* **Work request**: Lines below starting with the line with "Enrouleur de câble" and going on through the line with "Пуловер женский с" must be output exactly; the rest of the records must be left out.

* **Given records**:
_ _ _

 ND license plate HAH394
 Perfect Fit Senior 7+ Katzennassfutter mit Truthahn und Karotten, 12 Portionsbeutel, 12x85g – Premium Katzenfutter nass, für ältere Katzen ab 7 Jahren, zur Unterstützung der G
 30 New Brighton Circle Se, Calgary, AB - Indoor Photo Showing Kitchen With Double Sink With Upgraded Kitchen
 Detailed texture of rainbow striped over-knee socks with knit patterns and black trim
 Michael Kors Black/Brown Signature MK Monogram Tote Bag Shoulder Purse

_ _ _

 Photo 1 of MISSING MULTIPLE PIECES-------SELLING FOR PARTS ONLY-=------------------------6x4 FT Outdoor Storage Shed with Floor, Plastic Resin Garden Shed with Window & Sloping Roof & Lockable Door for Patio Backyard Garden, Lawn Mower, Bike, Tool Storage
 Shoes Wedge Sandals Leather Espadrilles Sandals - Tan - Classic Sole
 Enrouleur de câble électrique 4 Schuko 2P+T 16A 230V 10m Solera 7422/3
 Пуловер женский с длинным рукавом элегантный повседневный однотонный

_ _ _

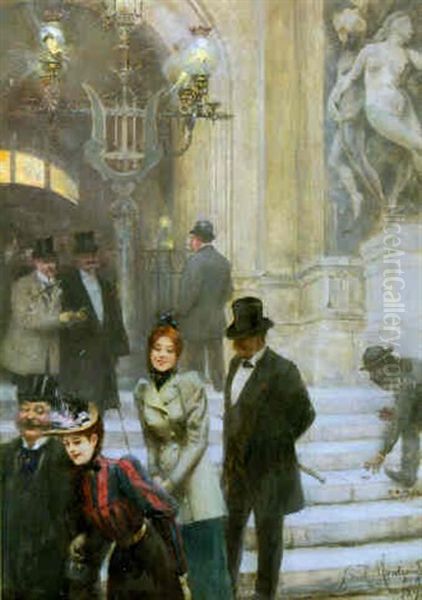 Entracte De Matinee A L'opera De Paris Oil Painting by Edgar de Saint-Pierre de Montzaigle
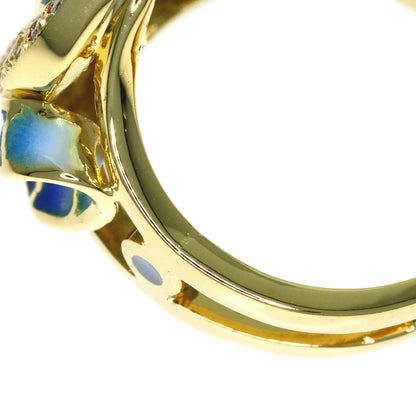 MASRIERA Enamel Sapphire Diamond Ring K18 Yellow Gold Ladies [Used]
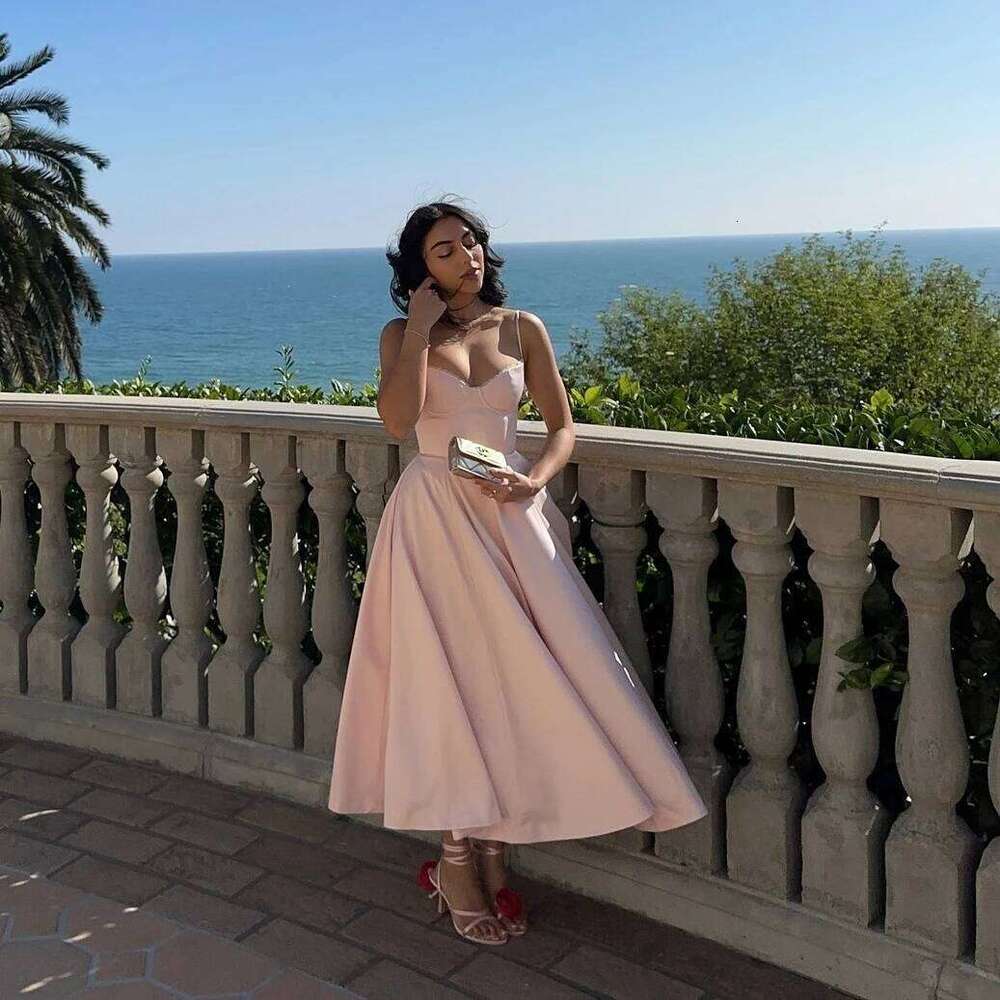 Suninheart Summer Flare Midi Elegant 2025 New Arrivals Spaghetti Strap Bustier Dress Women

_ _ _

* **Reply**:
 Enrouleur de câble électrique 4 Schuko 2P+T 16A 230V 10m Solera 7422/3
 Пуловер женский с длинным рукавом элегантный повседневный однотонный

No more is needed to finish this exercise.